Short web captions:
———

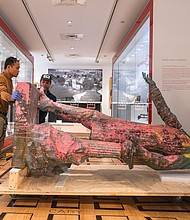 The Valentine removed the Jefferson Davis statue from its exhibition, “This Is Richmond, Virginia,” on Tuesday, Aug. 19, preparation for a loan to the Museum of Contemporary Art in Los Angeles for an upcoming exhibition. The statue, which had been on view since 2022, will remain part of The Valentine’s collection. Bonsai Fine Arts Handling assisted with the removal. “We’re so glad it is going to be shown to a new community and to see how Californians respond,” said Christina K. Vida, Elise H. Wright curator of general collections at The Valentine. During its three years on display, The Valentine collected more than 7,000 responses from a public survey on monuments and public art and plans to compile the feedback for a discussion event, comparing it with survey results from California while the statue is on display there. The statue will remain in its current condition, laid on its side with paint splatters, remnants of a 2020 toilet paper noose, a tear in its arm, and uric acid stains. “We really wanted to make sure that this piece was not ever going to be used to perpetuate the myth of the Lost Cause, and so by having it displayed in its 2020 state we can ensure that it helps undo some of the damage it did for so long here in Richmond,” Vida said.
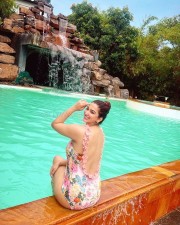 Sexy Eshanya Maheshwari in an One Piece Swimsuit Pool Photos 03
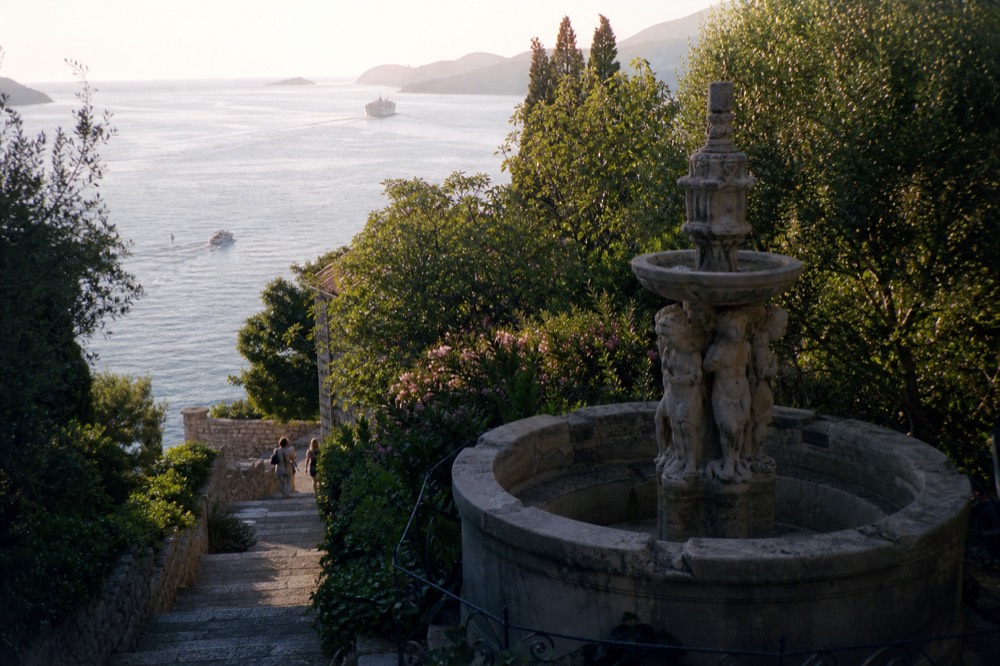 A large stone fountain with carved figures surrounded by dense green foliage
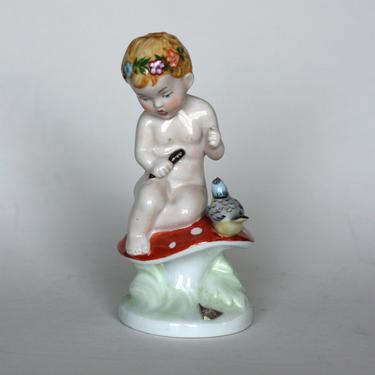vintage Royal Dux Bohemia child on a mushroom figurine made in the Czech Republic 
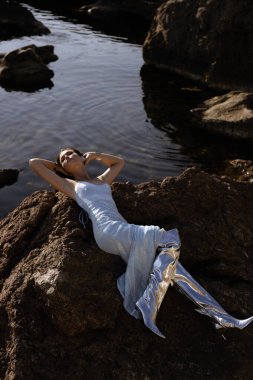 Şık gümüş elbiseli ve günbatımı kumsalında poz veren metalik yüksek çizmeli siyah saçlı güzel Slav kızın açık hava fotoğrafı.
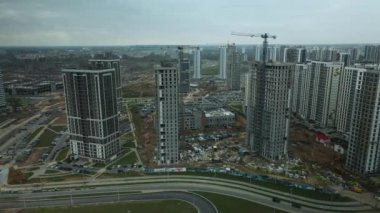 Modern çok katlı binaların yapımı. Yeni bir şehir bloğu inşaatı. İnşaat halindeki binalar ve kule vinçleri. Bulutlu havada hava fotoğrafçılığı.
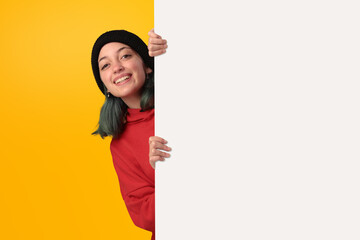 Lovely young girl holding a big blank board over yellow background - 525699995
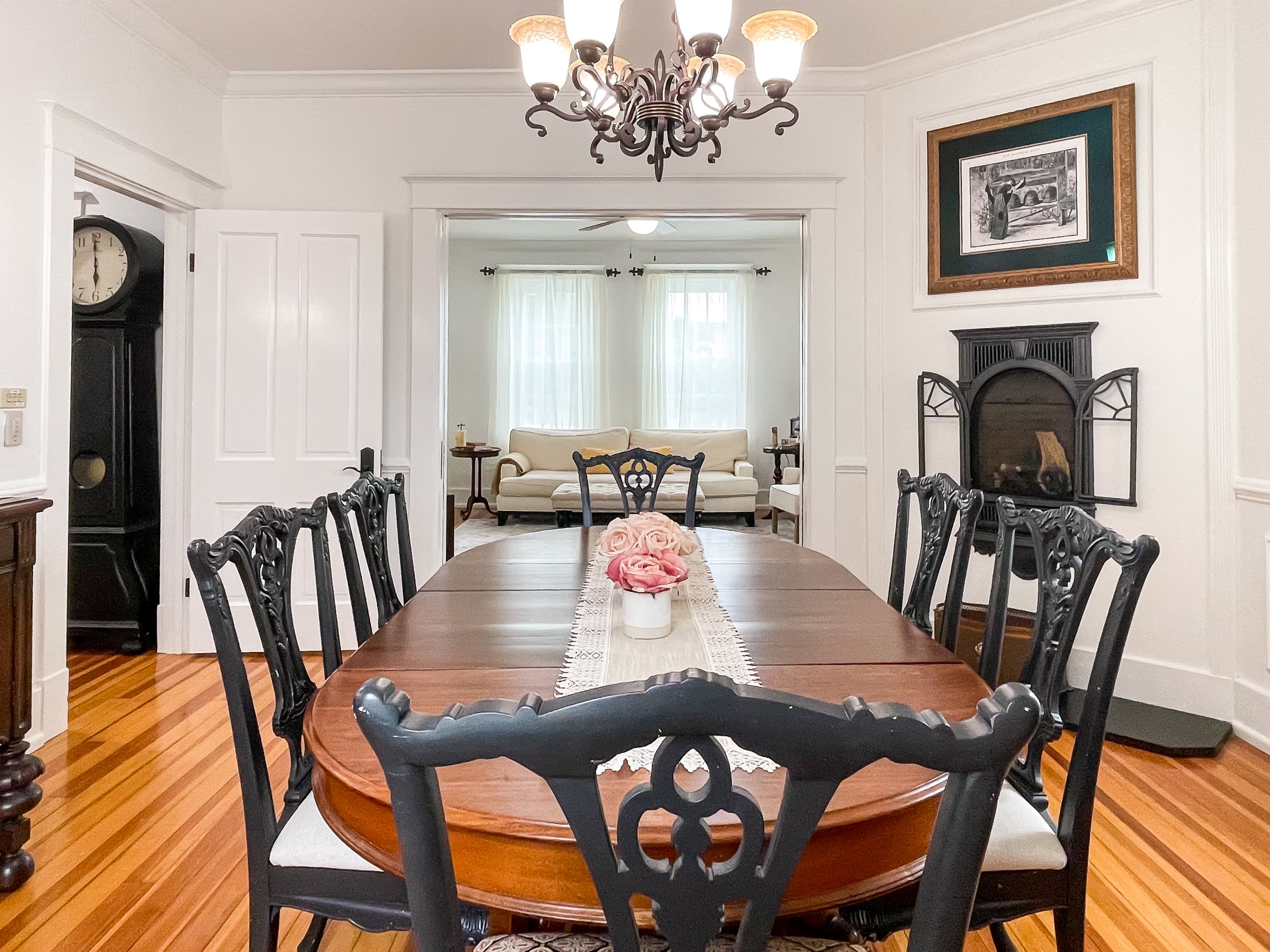 The large dining area includes a gorgeous hardwood dining table and seating for 6 people for family dinners or game night at The Beekeeper's Cottage.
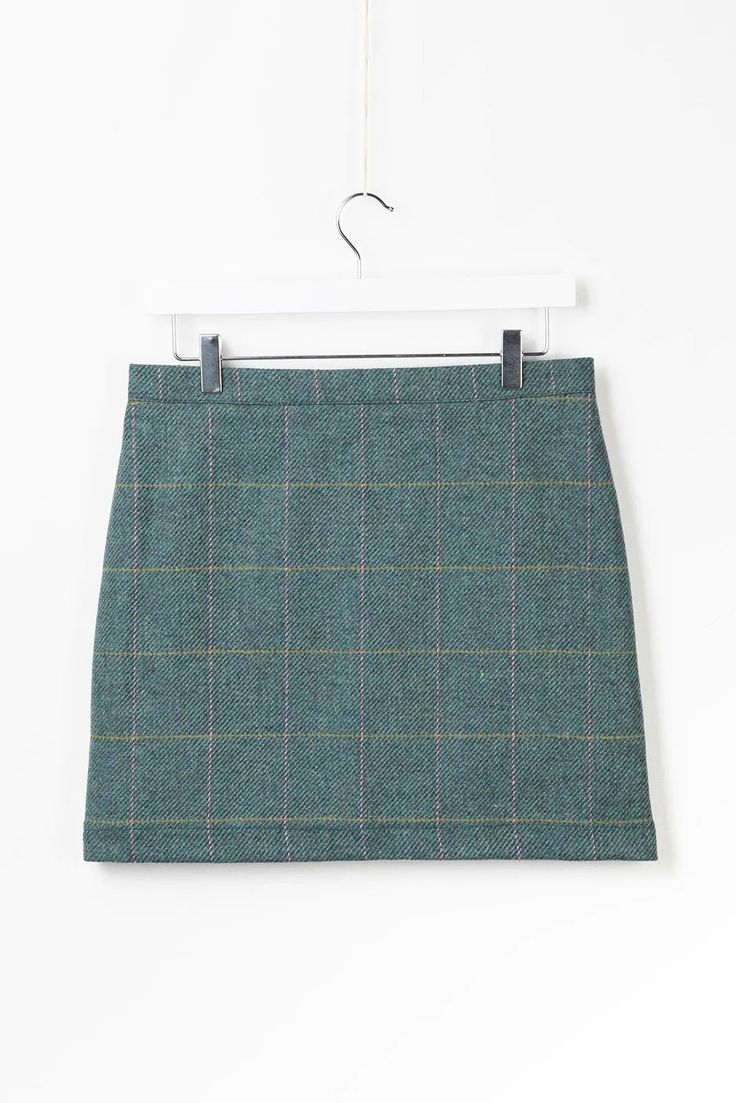 Embrace classic elegance with the Helmsley Tweed Skirt in dark green tweed. This sophisticated skirt features a timeless tweed pattern, providing a refined and polished look perfect for both casual and formal occasions. The high-quality fabric ensures durability and comfort, while the flattering cut enhances your silhouette. Pair it with a blouse or sweater for a chic, stylish ensemble that stands out with its traditional yet modern appeal. Crochet Wreath, Halloween Costume Mask, Halloween Arts And Crafts, Tweed Pattern, Green Tweed, Greeting Card Craft, Playset Outdoor, Gift Tag Cards, Wool Shop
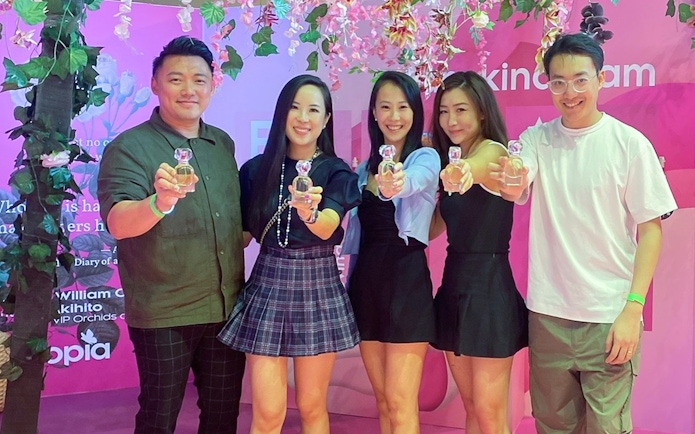Group holding perfume bottles at Scentopia Sentosa exhibit.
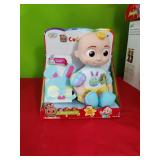 New Cocomelon Doll.   Press Tummy and giggles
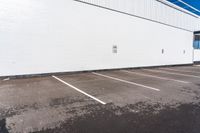 a parking lot with some signs near by a brick building with white paint on it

———

WHAT YOU NEED TO DO:
Please print every record above exactly, but leave the pictures out.

PROBLEM SOLUTION:
 The Valentine removed the Jefferson Davis statue from its exhibition, “This Is Richmond, Virginia,” on Tuesday, Aug. 19, preparation for a loan to the Museum of Contemporary Art in Los Angeles for an upcoming exhibition. The statue, which had been on view since 2022, will remain part of The Valentine’s collection. Bonsai Fine Arts Handling assisted with the removal. “We’re so glad it is going to be shown to a new community and to see how Californians respond,” said Christina K. Vida, Elise H. Wright curator of general collections at The Valentine. During its three years on display, The Valentine collected more than 7,000 responses from a public survey on monuments and public art and plans to compile the feedback for a discussion event, comparing it with survey results from California while the statue is on display there. The statue will remain in its current condition, laid on its side with paint splatters, remnants of a 2020 toilet paper noose, a tear in its arm, and uric acid stains. “We really wanted to make sure that this piece was not ever going to be used to perpetuate the myth of the Lost Cause, and so by having it displayed in its 2020 state we can ensure that it helps undo some of the damage it did for so long here in Richmond,” Vida said.
 Sexy Eshanya Maheshwari in an One Piece Swimsuit Pool Photos 03
 A large stone fountain with carved figures surrounded by dense green foliage
vintage Royal Dux Bohemia child on a mushroom figurine made in the Czech Republic 
 Şık gümüş elbiseli ve günbatımı kumsalında poz veren metalik yüksek çizmeli siyah saçlı güzel Slav kızın açık hava fotoğrafı.
 Modern çok katlı binaların yapımı. Yeni bir şehir bloğu inşaatı. İnşaat halindeki binalar ve kule vinçleri. Bulutlu havada hava fotoğrafçılığı.
 Lovely young girl holding a big blank board over yellow background - 525699995
 The large dining area includes a gorgeous hardwood dining table and seating for 6 people for family dinners or game night at The Beekeeper's Cottage.
 Embrace classic elegance with the Helmsley Tweed Skirt in dark green tweed. This sophisticated skirt features a timeless tweed pattern, providing a refined and polished look perfect for both casual and formal occasions. The high-quality fabric ensures durability and comfort, while the flattering cut enhances your silhouette. Pair it with a blouse or sweater for a chic, stylish ensemble that stands out with its traditional yet modern appeal. Crochet Wreath, Halloween Costume Mask, Halloween Arts And Crafts, Tweed Pattern, Green Tweed, Greeting Card Craft, Playset Outdoor, Gift Tag Cards, Wool Shop
Group holding perfume bottles at Scentopia Sentosa exhibit.
 New Cocomelon Doll.   Press Tummy and giggles
 a parking lot with some signs near by a brick building with white paint on it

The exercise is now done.